* Directions *
Pictures found in the material must be left out, and every line returned as written.

* Input *
^^^^^^^^^^^^^^^^

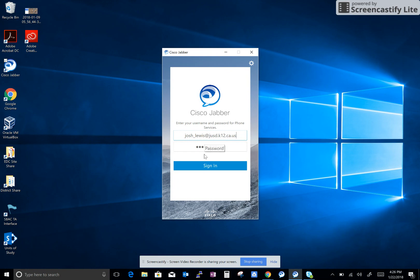The first time you sign in to Cisco Jabber, you will need to enter your entire email address for your username.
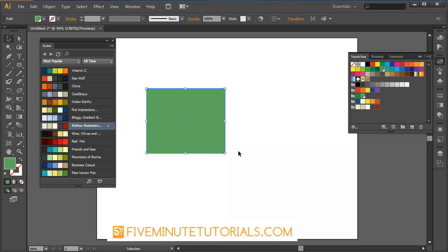Thanks again for watching. This is 5MinuteTutorials.com talking about the Cooler extension. If you like what you see here, please go ahead and share this video with all your colleagues and friends.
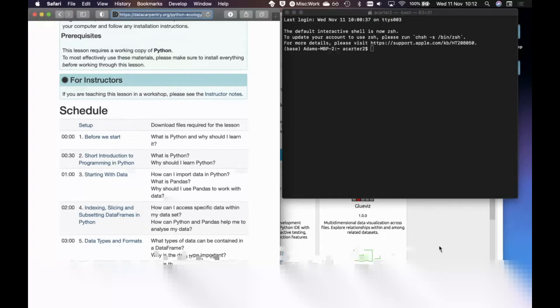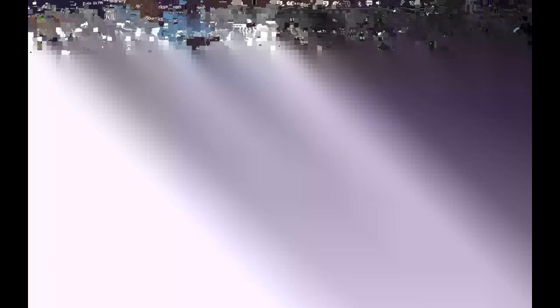The screen share froze - let me turn off the video, hopefully that will help. Can somebody confirm they can see my screen now? Still frozen - let's give it a moment to catch up. Can you see my screen now? Yes - good. Sorry about that, hopefully we won't have too many of these moments today. So when you open the notebook, either by clicking Jupyter Notebook in the navigator or by typing 'jupyter notebook' at the command line, it should open a web page showing the files and directories in your working directory.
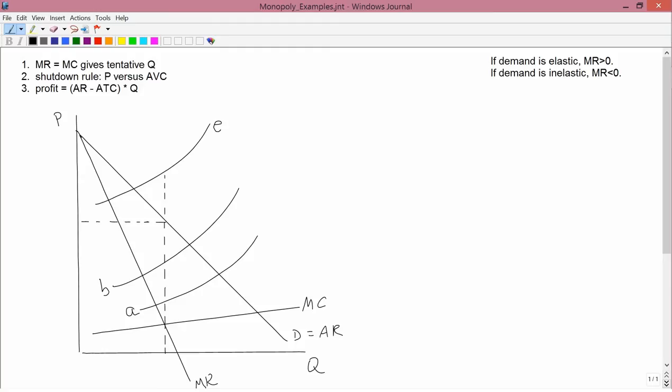And finally, profit equals, parentheses, average revenue minus average total cost, close parentheses, times Q. This has a graphical interpretation of a rectangle where the width of the rectangle is Q and the height of the rectangle is average revenue minus average total cost. We'll be illustrating these rules in the rest of this video using the diagram that I drew below.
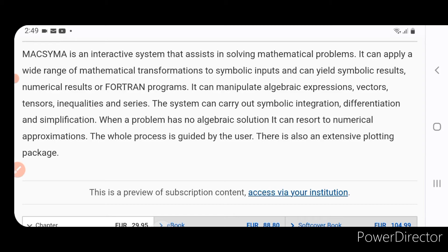Maxima is an interactive system that assists in solving mathematical problems.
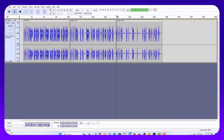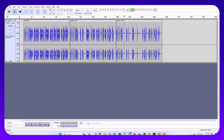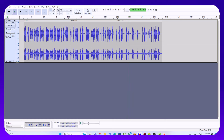Test 1. Part A. Directions. In Part A, you will hear short conversations between two speakers. At the end of each conversation, a third person will ask a question about what was said.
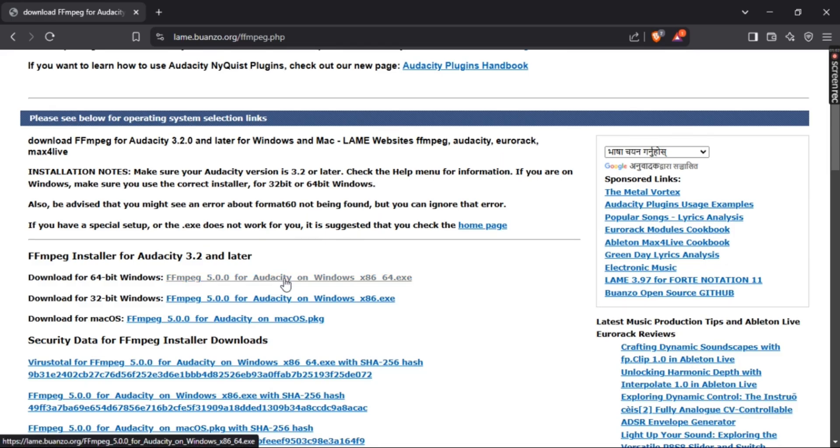If you want a detailed video, I've already made it. Check the description or card for that video. That'll help you through installing FFmpeg step by step.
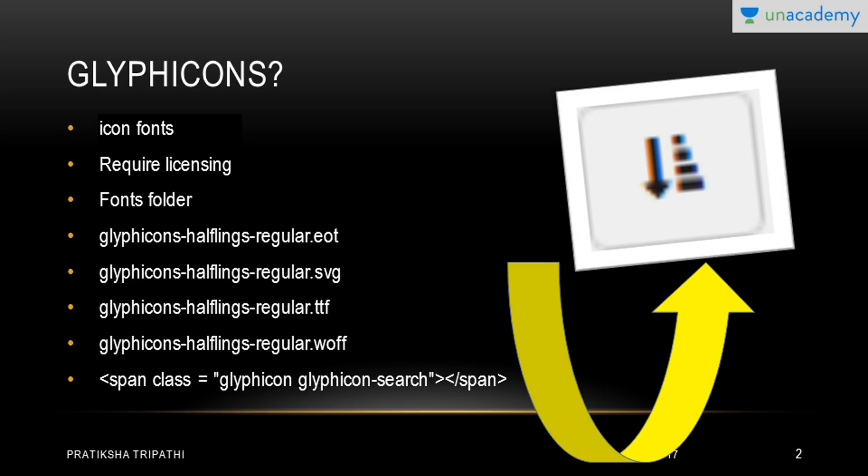Now what are layout components and why do we really need them? Whenever we make a webpage, there are multiple webpages on a particular title or content. Everybody wants their webpage to be used as much as others'. So how will I make my webpage attractive, more feasible, more useful, or responsive? The main aim of bootstrapping is to make a webpage responsive.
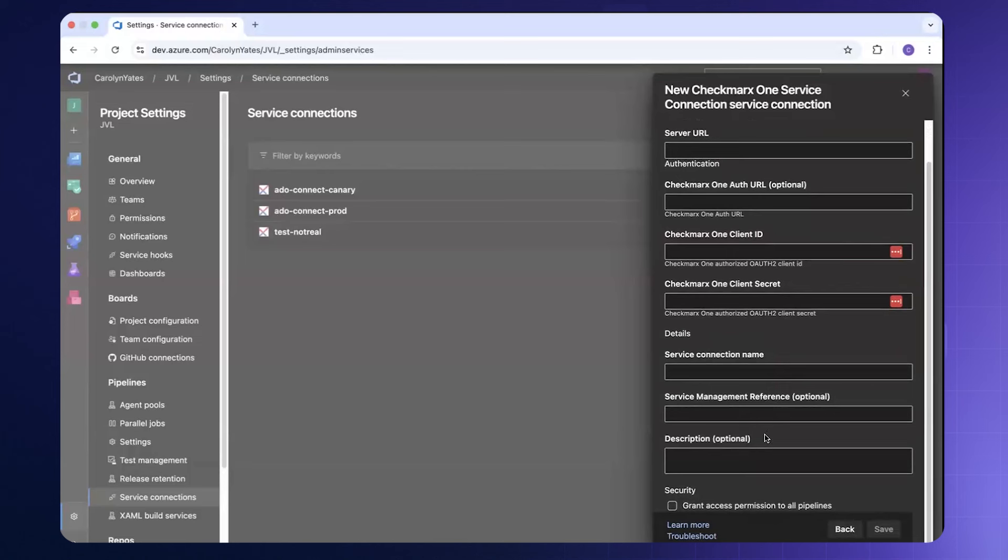Once these fields are completed the service connection can be saved and utilized within your CI/CD pipeline.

^^^^^^^^^^^^^^^^

* Solution for this task *
The first time you sign in to Cisco Jabber, you will need to enter your entire email address for your username.
Thanks again for watching. This is 5MinuteTutorials.com talking about the Cooler extension. If you like what you see here, please go ahead and share this video with all your colleagues and friends.
The screen share froze - let me turn off the video, hopefully that will help. Can somebody confirm they can see my screen now? Still frozen - let's give it a moment to catch up. Can you see my screen now? Yes - good. Sorry about that, hopefully we won't have too many of these moments today. So when you open the notebook, either by clicking Jupyter Notebook in the navigator or by typing 'jupyter notebook' at the command line, it should open a web page showing the files and directories in your working directory.
And finally, profit equals, parentheses, average revenue minus average total cost, close parentheses, times Q. This has a graphical interpretation of a rectangle where the width of the rectangle is Q and the height of the rectangle is average revenue minus average total cost. We'll be illustrating these rules in the rest of this video using the diagram that I drew below.
Maxima is an interactive system that assists in solving mathematical problems.
Test 1. Part A. Directions. In Part A, you will hear short conversations between two speakers. At the end of each conversation, a third person will ask a question about what was said.
If you want a detailed video, I've already made it. Check the description or card for that video. That'll help you through installing FFmpeg step by step.
Now what are layout components and why do we really need them? Whenever we make a webpage, there are multiple webpages on a particular title or content. Everybody wants their webpage to be used as much as others'. So how will I make my webpage attractive, more feasible, more useful, or responsive? The main aim of bootstrapping is to make a webpage responsive.
Once these fields are completed the service connection can be saved and utilized within your CI/CD pipeline.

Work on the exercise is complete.